01 Februari 2009

PERKARA ITSBAT WAKAF DAN PEMBUKTIANNYA

A. Latar Belakang Masalah
Pranata wakaf di Indonesia dewasa ini semakin mendapat perhatian karena urgensinya dalam upaya peningkatan perekonomian umat.[1] Elaborasi terhadap beberapa aspek penting dalam pengelolaan harta wakaf senantiasa dilakukan yang salah satunya adalah aspek kepastian hukum.[2] Tujuan utama pengembangan aspek ini adalah untuk memberikan perlindungan terhadap harta wakaf agar terjauh dari upaya penyerobotan sehingga eksistensinya tetap utuh dan lestari sesuai dengan tujuan wakaf.

Kepastian hukum dari suatu akad perwakafan adalah suatu keniscayaan sebagai jaminan bahwa telah terjadi suatu peristiwa hukum perwakafan.
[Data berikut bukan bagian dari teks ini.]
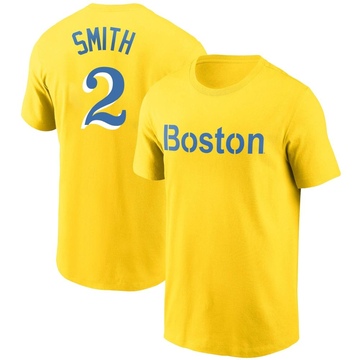 Men's Boston Red Sox Dominic Smith ＃2 City Connect Name & Number T-Shirt - Gold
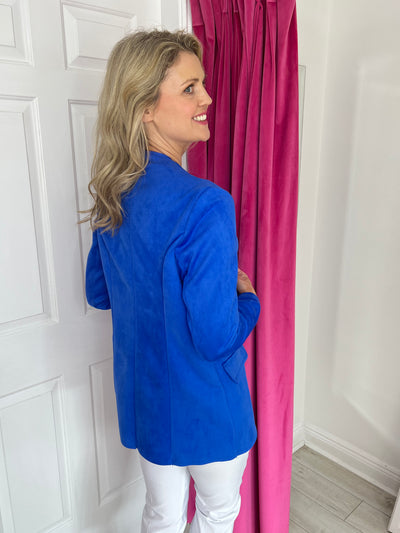 Royal Blue Jacket with Faux Pockets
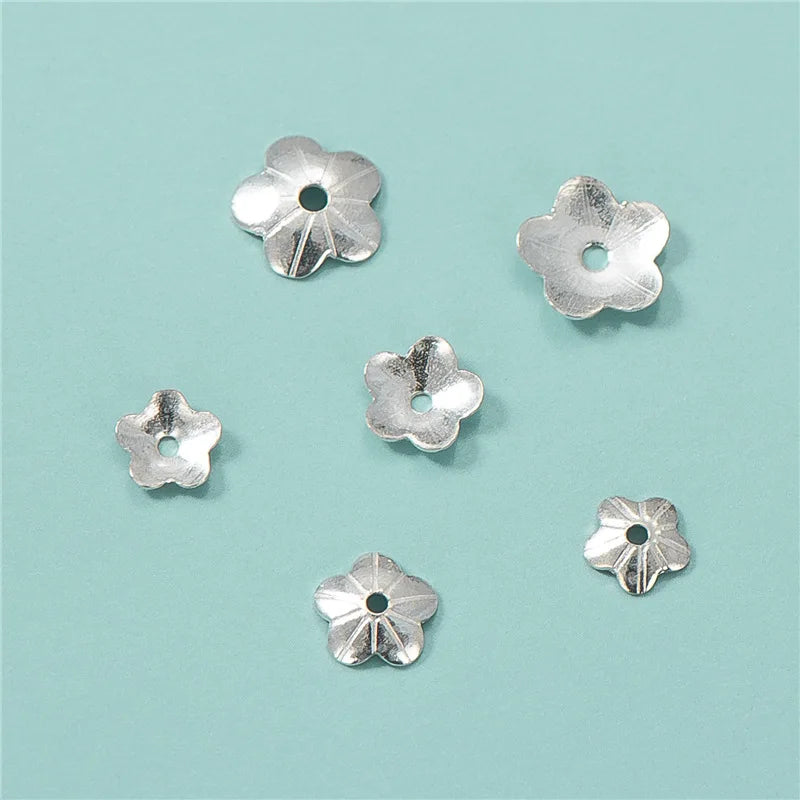 4mm 5mm 6mm Flower Bead Caps 925 Sterling Silver Flower Loose Spacer Bead Caps for Diy Jewelry Making Findings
Di antara wujud dari kepastian hukum itu adalah adanya bukti pencatatan (bukti tertulis) dalam sebuah akta otentik. Dalam konsepsi al-Quran, secara umum ditegaskan bahwa untuk menjamin kepastian hukum suatu akad (transaksi) mu’amalah ‘mesti’ dilakukan pencatatan yang posisinya lebih didahulukan daripada kesaksian.[3] Hal tersebut merupakan isyarat bahwa bukti tertulis memiliki kekuatan yang lebih tinggi dibandingkan dengan bukti saksi. Hal itu secara filosofis dapat dipahami karena pencatatan lebih bersifat pasti dan tetap sehingga kecil kemungkinan terjadi kesalahan, dibandingkan dengan bukti kesaksian yang cendrung mengalami perubahan, tergantung kemampuan, daya ingat dan subjektivitas saksi sehingga mengandung kemungkinan (probabilitas) keragu-raguan. Meskipun demikian, dalam prateknya sering juga pencatatan dikumulasikan dengan saksi dalam suatu perikatan (transaksi) agar terjamin kesempurnaan pelaksanaannya.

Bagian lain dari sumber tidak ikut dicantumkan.